- _YOUR TASK_
Below are lines of data; restate word for word those running from the line containing "Funny Birthday Kitten" to the line containing "Coconuts set close-up", inclusive, and no others.

- _GIVEN RECORDS_
•••
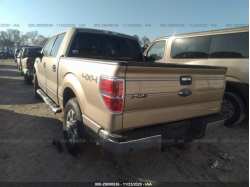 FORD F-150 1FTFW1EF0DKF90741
•••
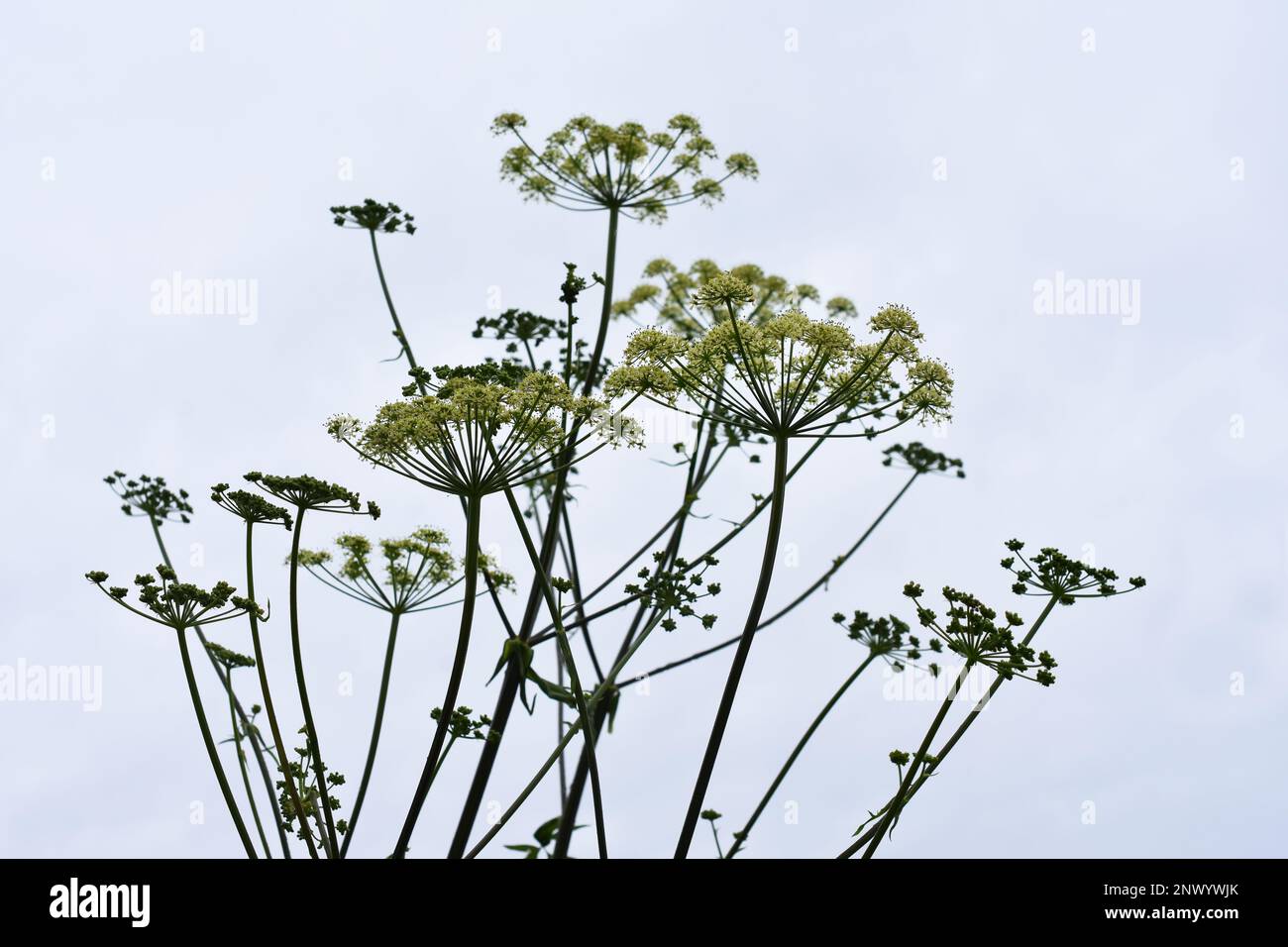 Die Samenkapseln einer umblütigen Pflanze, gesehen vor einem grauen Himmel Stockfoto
•••
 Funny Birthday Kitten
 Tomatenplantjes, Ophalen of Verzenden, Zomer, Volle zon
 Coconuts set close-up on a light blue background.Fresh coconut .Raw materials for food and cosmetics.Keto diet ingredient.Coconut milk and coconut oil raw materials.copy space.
•••
- _SOLVED PROBLEM_
 Funny Birthday Kitten
 Tomatenplantjes, Ophalen of Verzenden, Zomer, Volle zon
 Coconuts set close-up on a light blue background.Fresh coconut .Raw materials for food and cosmetics.Keto diet ingredient.Coconut milk and coconut oil raw materials.copy space.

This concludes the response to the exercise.